Of course, neither Bradley nor the other committee Republicans were chagrined enough to vote against the bill. All voted for it, and the living descendants of slaves discovered that they were less important to the Republican majority than long-dead defenders of slavery. The three Democratic committee members walked out before the vote, leaving Republicans with a five-to-zip majority and more irony than a preachers’ convention in Vegas.
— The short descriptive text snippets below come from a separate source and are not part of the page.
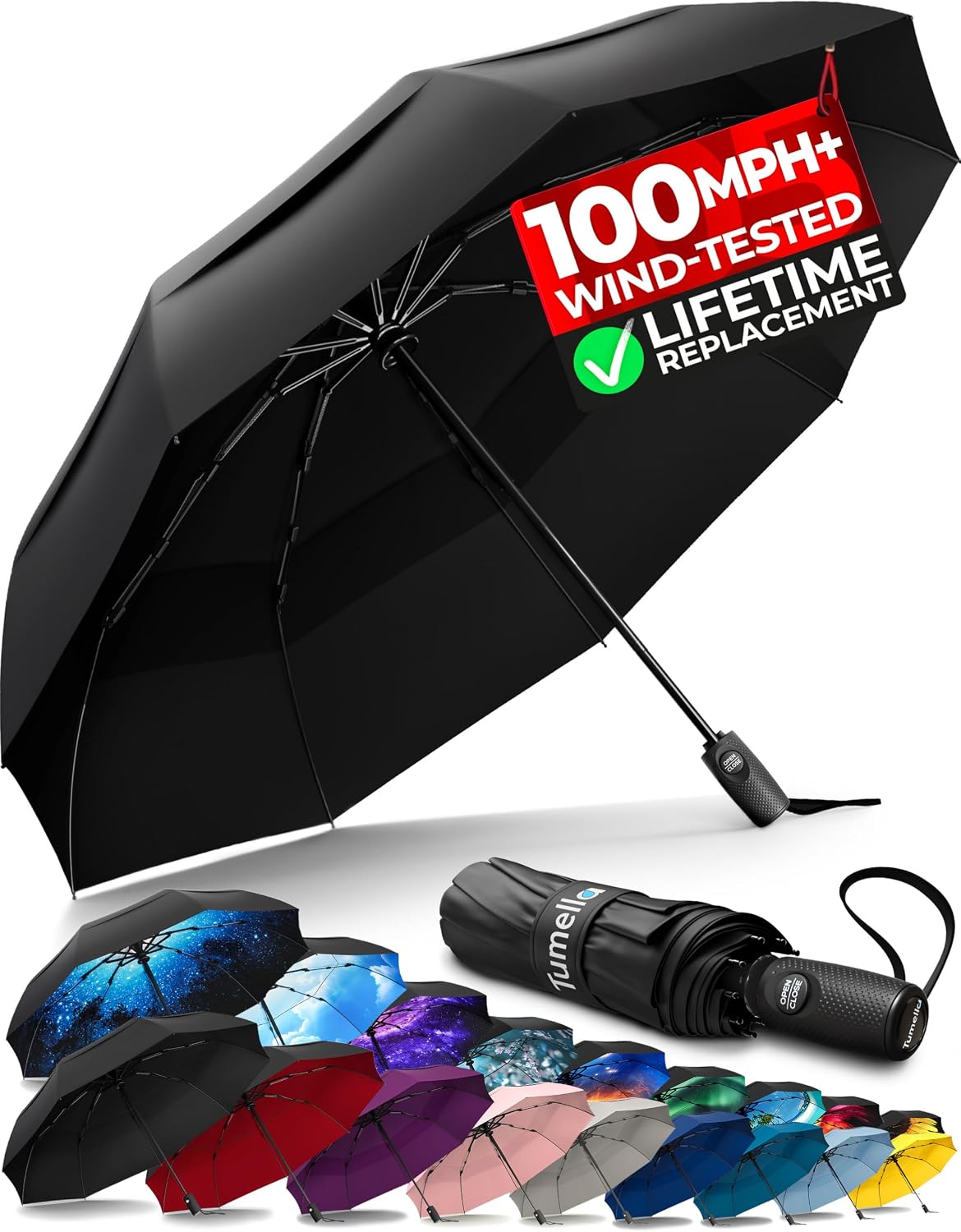 Strongest Windproof Travel Umbrella (Compact, 100MPH Wind-Tested)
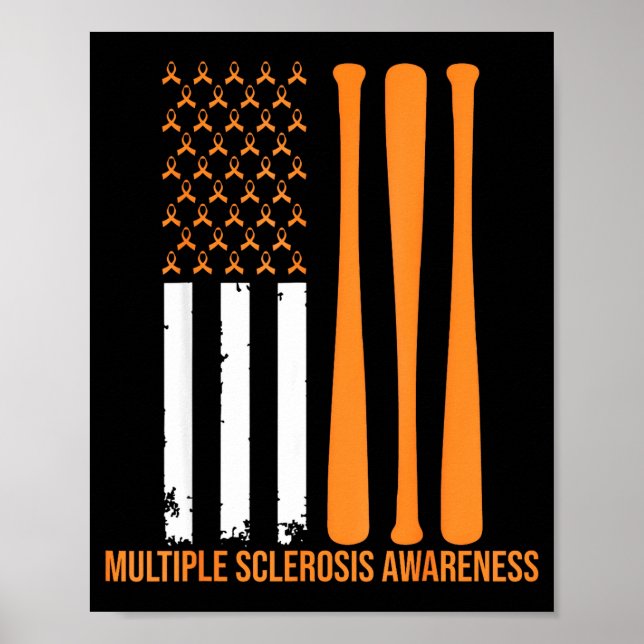 American Baseball Sports Multiple Sclerosis Awaren Poster (Vorne)
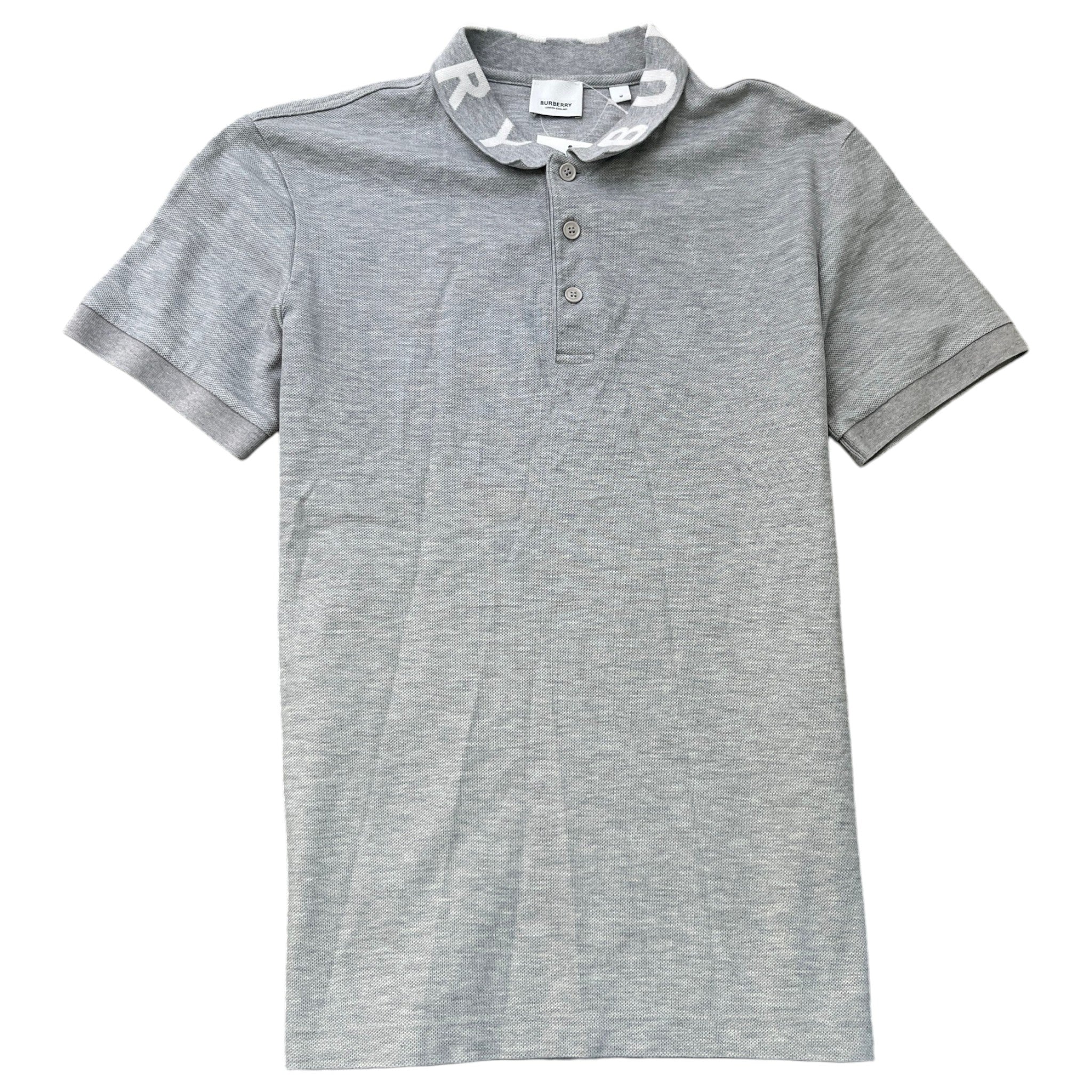 Men's Collar Logo Polo Shirt Grey Size M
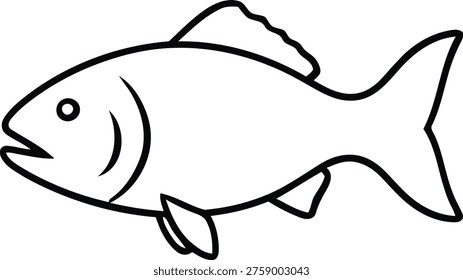 A black line drawing of a fish on a white background, facing left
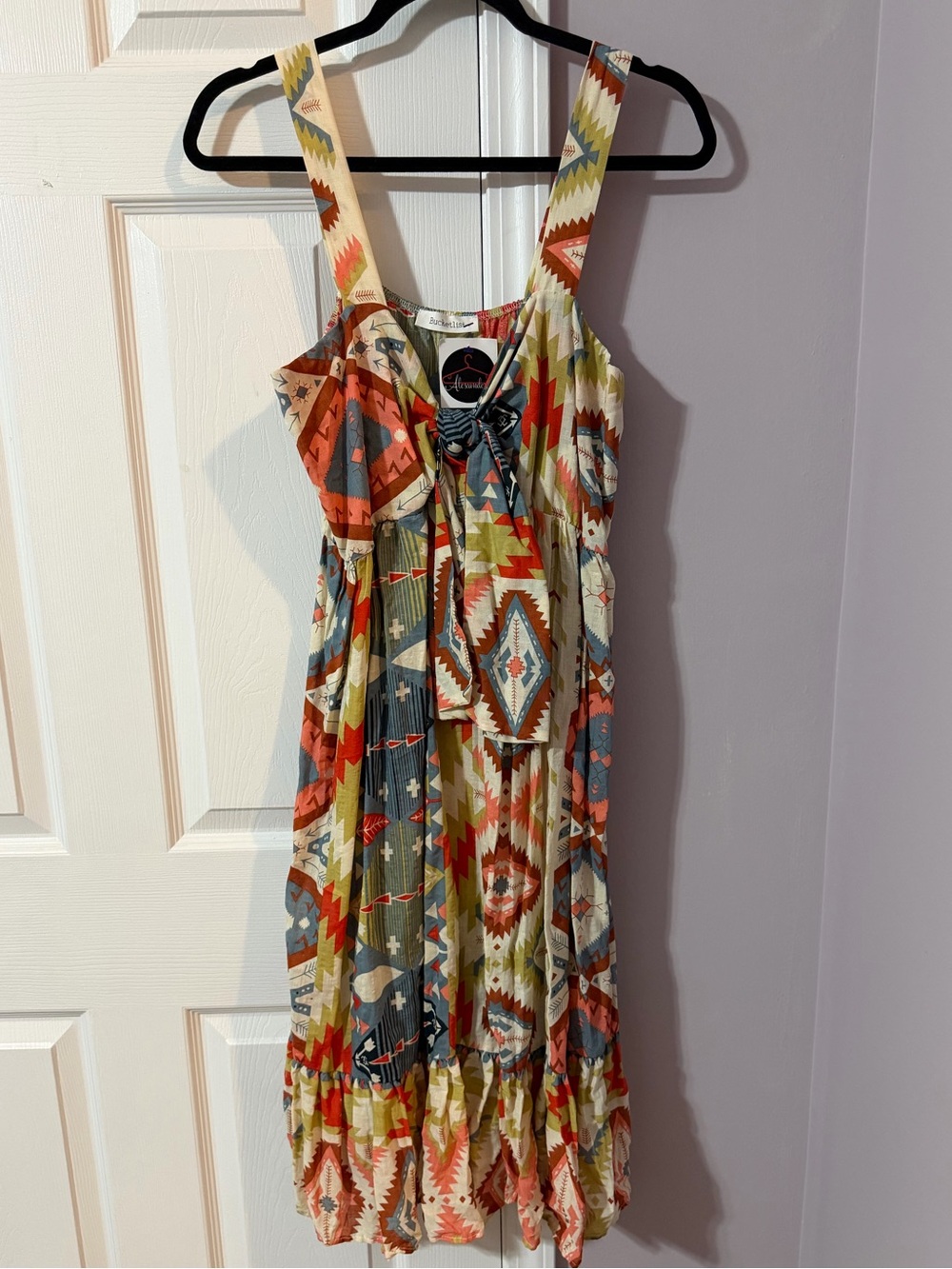 BUCKETLIST Aztec Tie-Front Dress in Coral, Olive & Slate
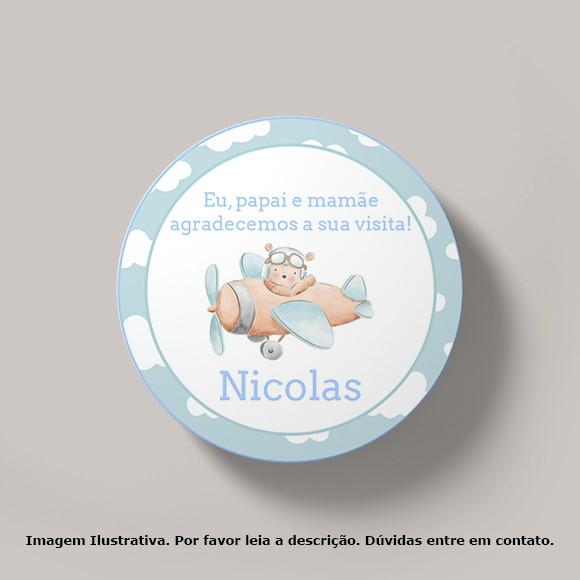 Tag Personalizada Ursinho Aviador Aquarela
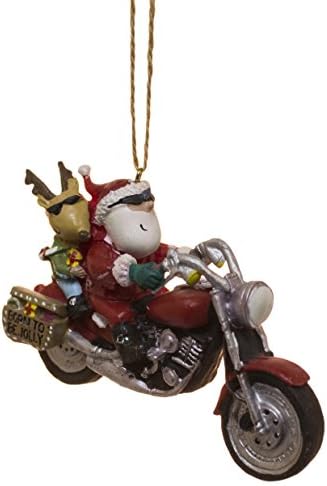 Cape Shore Papai Noel e rena montando um ornamento de motocicleta Harley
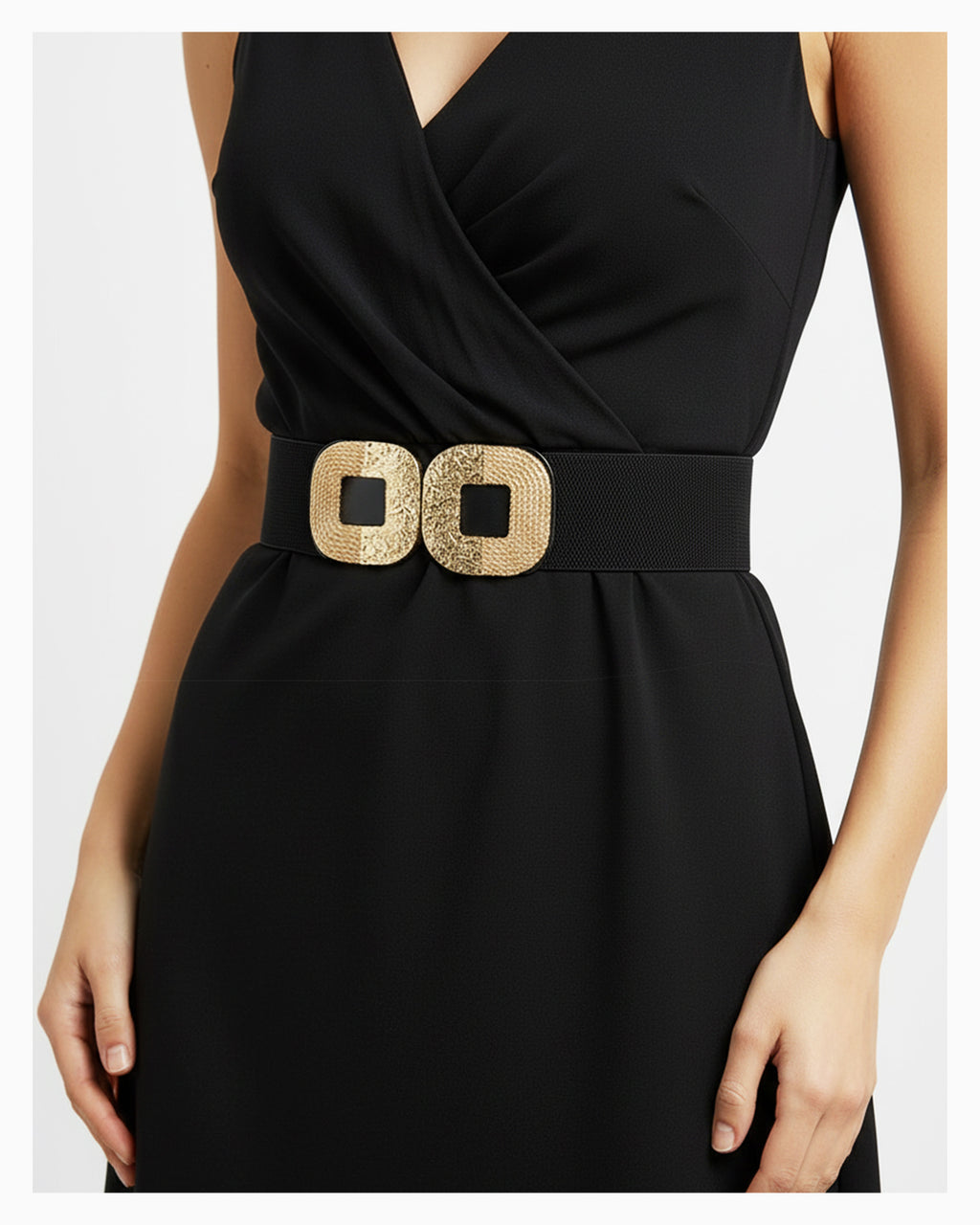 Women’s Black Wide Elastic Belt with Gold Buckle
They voted to “preserve history.” The week before, this same Republican majority murdered historic preservation. They approved a shocking bill that would allow the demolition of hundreds of historically significant buildings along the coast. If the structures fail to meet modern construction standards — a sure bet — developers could defile Florida historic districts with shiny new condominiums. Local governments would have no say in the matter.

The same bunch who voted to save historic monuments honoring confederate traitors didn’t give a damn about saving historic structures in Key West, St. Augustine and Miami Beach.

Speaking of history, the Republican legislative supermajority mandated a rewrite of history textbooks to include the supposed benefits of slavery. Seems like history might not be their best subject.

Perversely, SB 1122’s chances for passage were damaged by the bill’s most fervent supporters. The ugly white supremacist language coming from the two aging neo-confederates appalled Senate President Kathleen Passidomo. She called their performance, “abhorrent behavior.”

Though the monuments bill has been approved by two senate committees, the disgusted Passidomo suggested that she might keep the bill from getting a floor vote. The racist rants of the old reprobates might save Florida from another idiot skirmish in the war on woke.

The hearing on SB 1122 made it clear that Florida needs more than 160 years to vanquish its confederate legacy.